La première chose déjà, c’est de faire une bonne recherche sur ce que tu veux grimper, que ce soit une arête ou autre chose. Il faut ensuite bien regarder où la photo va être faite dans la course. Il faut que tu sois en tête le plus possible à ce moment-là, avec la bonne lumière... Ce n’est pas souvent qu’on se retrouve avec une photo 5 étoiles faite par hasard. Il faut maîtriser la montagne, c’est ça le truc. Etre le plus possible en solo c’est mieux car quand tu es encordé avec des gens, c’est fini pour les jolies photos ! En fait, pour une bonne photo de montagne, il faut que tu sois objectif. Quand tu es encordé avec quelqu’un, une corde part de toi à ton compagnon, ce n’est pas objectif, c’est différent comme photo. Si tu arrives à tout faire en solo, ce sont pour moi les meilleures photos car les gars grimpent tout le temps, ils ne s’arrêtent jamais, tu les vois fatigués, ils font des mouvements naturels. Quand on arrête des gens pour faire une photo, là ils reprennent leur souffle, ils se sentent un peu comme modèles, ils prennent donc souvent des poses que je trouve un peu ridicules... ils ne le font pas exprès car c’est normal de vouloir être un petit peu cool sur la photo. J’ai envie de prendre des photos où l’on voit des gars au lever du soleil sur une grand arête à quatre pattes, crevés, c’est aussi ça la montagne, on n’est pas toujours à 100%.

Tu utilises parfois plusieurs cordées pour faire des photos ?

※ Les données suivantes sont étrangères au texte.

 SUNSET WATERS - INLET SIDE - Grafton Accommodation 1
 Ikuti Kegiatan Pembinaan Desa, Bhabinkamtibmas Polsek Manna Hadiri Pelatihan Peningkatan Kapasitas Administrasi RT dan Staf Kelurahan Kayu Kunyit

Très rarement à part si j’ai à faire un shooting super important pour un grand client, à ce moment-là on est deux cordées. Parfois on part à trois, je m’encorde mais j’essaie de faire le maximum en solo et dans ce cas j’enlève la corde. Ça nous permet de bouger beaucoup plus vite et de prendre des photos naturelles comme je le disais. Je sais que ce n’est pas toujours possible quand c’est super raide. J’adore grimper à fond dans du raide, mais c’est dur à vendre à des clients. Tu ne vas pas avoir beaucoup de shooting dans les Jorasses parce que c’est trop extrême, les clients ne comprennent pas. Ce que les clients veulent, je peux le faire en solo donc ça marche assez bien.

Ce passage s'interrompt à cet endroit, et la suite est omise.